**Exercise**
Transcribe the listing below exactly, leaving out each image.

**Material provided**
····················

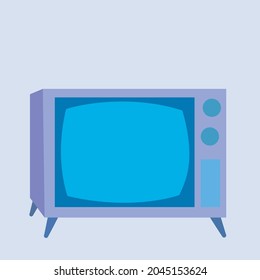 Retro television. Front view. Vector illustration cartoon violet and blue no background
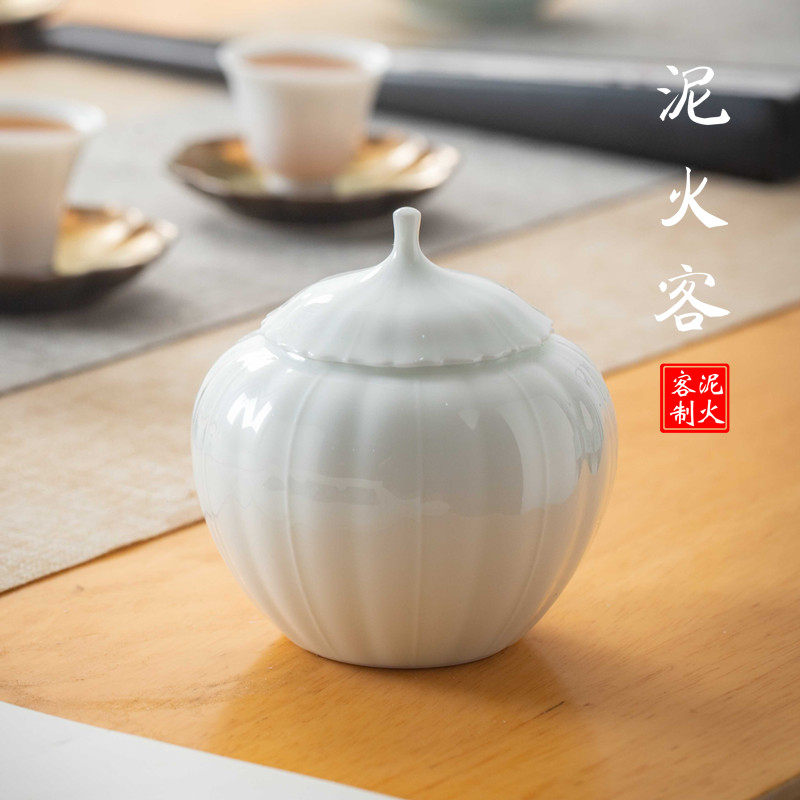 白瓷茶叶罐泥火客陶瓷中式纯色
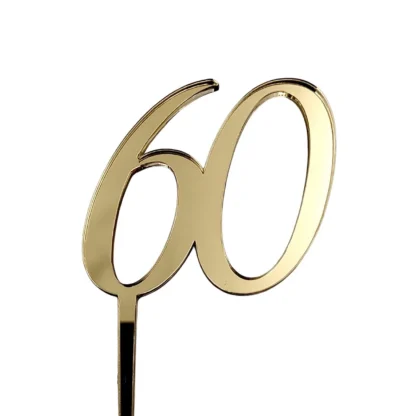 Topper Cyfra 60 mini 5 cm - Złoty Lustro - Miniowe Formy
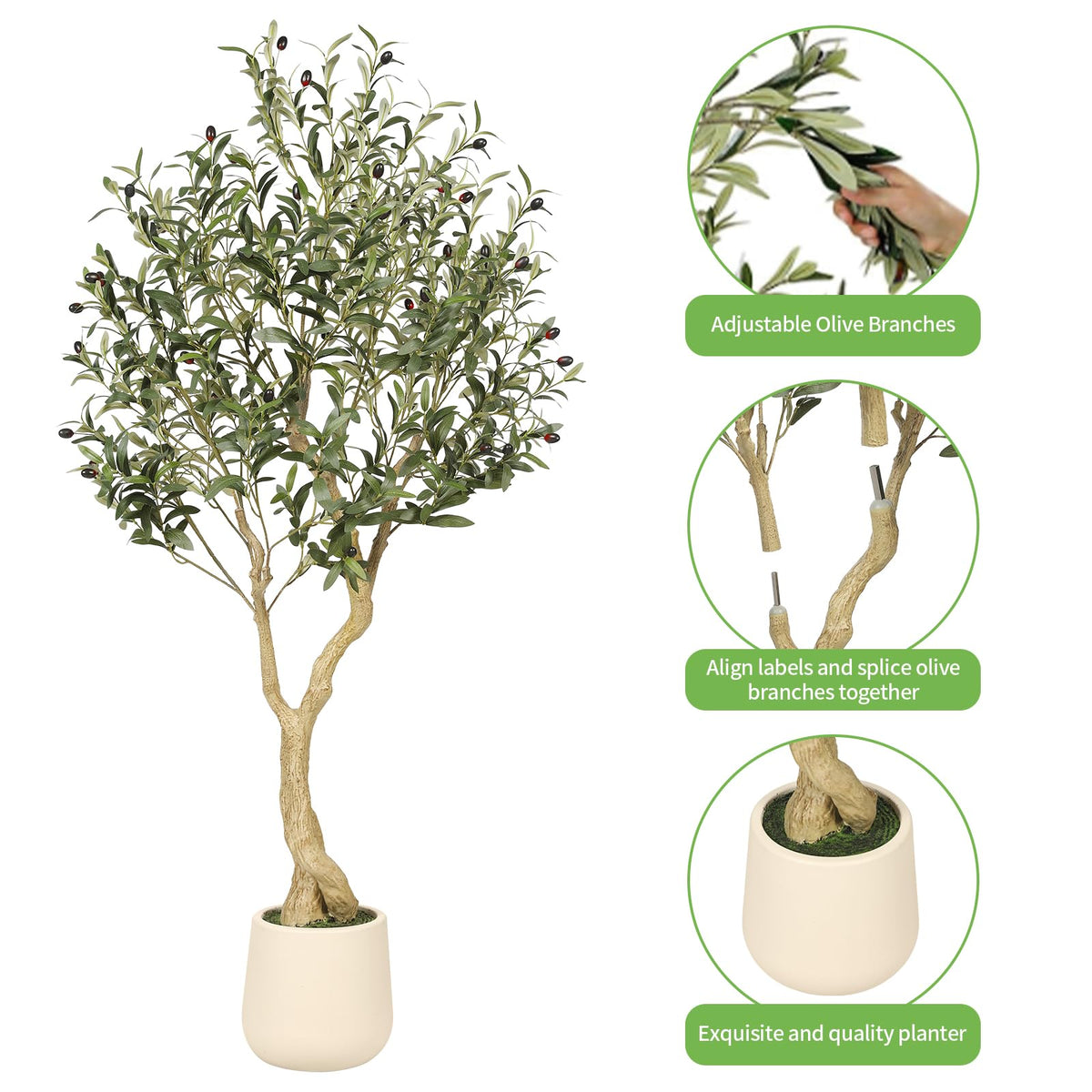 Realead Olive Trees Artificial Indoor, Tall Faux Olive Tree White Tall Planter, Large Fake Olive Tree in Pot with Natural Wood Trunk and Lifelike Fruits for Home Office Decor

····················

**Expected answer**
 Retro television. Front view. Vector illustration cartoon violet and blue no background
 白瓷茶叶罐泥火客陶瓷中式纯色
 Topper Cyfra 60 mini 5 cm - Złoty Lustro - Miniowe Formy
 Realead Olive Trees Artificial Indoor, Tall Faux Olive Tree White Tall Planter, Large Fake Olive Tree in Pot with Natural Wood Trunk and Lifelike Fruits for Home Office Decor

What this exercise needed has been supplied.